Echinoidea (Sea Urchins and Sand Dollars)
- Sea urchins and sand dollars have no arms, but they do have five radially arranged groups of tube feet that function in slow movement.
- Sea urchins also have muscles that pivot their long spines, which aid in locomotion as well as protection.
- A sea urchin’s mouth, located on its underside, is ringed by highly complex, jaw-like structures that are well adapted to eating seaweed.
- Sea urchins are roughly spherical, whereas sand dollars are flat disks.
Class Crinoidea (Sea Lilies and Feather Stars)
- Sea lilies live attached to the substrate by a stalk.
- Feather stars crawl about by using their long, flexible arms.
- Both use their arms in suspension feeding.
- The arms encircle the mouth, which is directed upward, away from the substrate.

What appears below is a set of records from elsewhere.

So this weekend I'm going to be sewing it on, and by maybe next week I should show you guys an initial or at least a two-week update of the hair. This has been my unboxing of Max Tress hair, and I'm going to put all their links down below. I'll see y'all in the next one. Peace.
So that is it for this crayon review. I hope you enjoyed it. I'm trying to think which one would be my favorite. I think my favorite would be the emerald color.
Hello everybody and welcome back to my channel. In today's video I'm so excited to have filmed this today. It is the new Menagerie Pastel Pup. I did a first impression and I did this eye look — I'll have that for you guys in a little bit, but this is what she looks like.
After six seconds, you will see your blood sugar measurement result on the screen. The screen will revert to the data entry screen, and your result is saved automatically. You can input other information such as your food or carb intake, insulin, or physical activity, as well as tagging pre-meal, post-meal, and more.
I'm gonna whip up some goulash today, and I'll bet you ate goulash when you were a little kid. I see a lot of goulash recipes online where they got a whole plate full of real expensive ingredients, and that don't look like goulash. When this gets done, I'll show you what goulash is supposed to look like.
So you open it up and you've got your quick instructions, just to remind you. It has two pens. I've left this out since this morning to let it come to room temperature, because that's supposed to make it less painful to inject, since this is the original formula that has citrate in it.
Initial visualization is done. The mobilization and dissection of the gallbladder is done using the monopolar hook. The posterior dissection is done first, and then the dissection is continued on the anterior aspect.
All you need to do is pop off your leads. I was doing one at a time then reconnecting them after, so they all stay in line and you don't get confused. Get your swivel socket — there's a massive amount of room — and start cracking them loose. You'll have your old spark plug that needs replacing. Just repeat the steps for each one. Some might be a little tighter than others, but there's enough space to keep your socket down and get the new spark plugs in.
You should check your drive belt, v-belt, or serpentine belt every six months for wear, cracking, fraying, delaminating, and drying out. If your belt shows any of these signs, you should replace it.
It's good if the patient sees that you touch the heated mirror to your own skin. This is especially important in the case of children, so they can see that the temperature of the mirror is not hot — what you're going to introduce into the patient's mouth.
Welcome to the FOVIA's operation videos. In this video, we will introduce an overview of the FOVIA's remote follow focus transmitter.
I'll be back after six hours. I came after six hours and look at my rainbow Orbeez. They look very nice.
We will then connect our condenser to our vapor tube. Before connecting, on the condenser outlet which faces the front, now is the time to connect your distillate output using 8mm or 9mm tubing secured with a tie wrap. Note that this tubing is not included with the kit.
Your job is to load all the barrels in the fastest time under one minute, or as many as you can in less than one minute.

- Crinoidea is an ancient group whose morphology has changed little over the course of evolution; fossilized sea lilies some 500 million years old are extremely similar to present-day members of the class.
Class Holothuroidea (Sea Cucumbers)
- On casual inspection, sea cucumbers do not look much like other echinoderms.
- They lack spines, and their endoskeleton is much reduced.
- They are also elongated in their oral-aboral axis, giving them the shape for which they are named and further disguising their relationship to sea stars and sea urchins.
- Closer examination, however, reveals that sea cucumbers have five radially arranged sections of tube feet, as in other echinoderms.
- Some of the tube feet around the mouth are developed as feeding tentacles.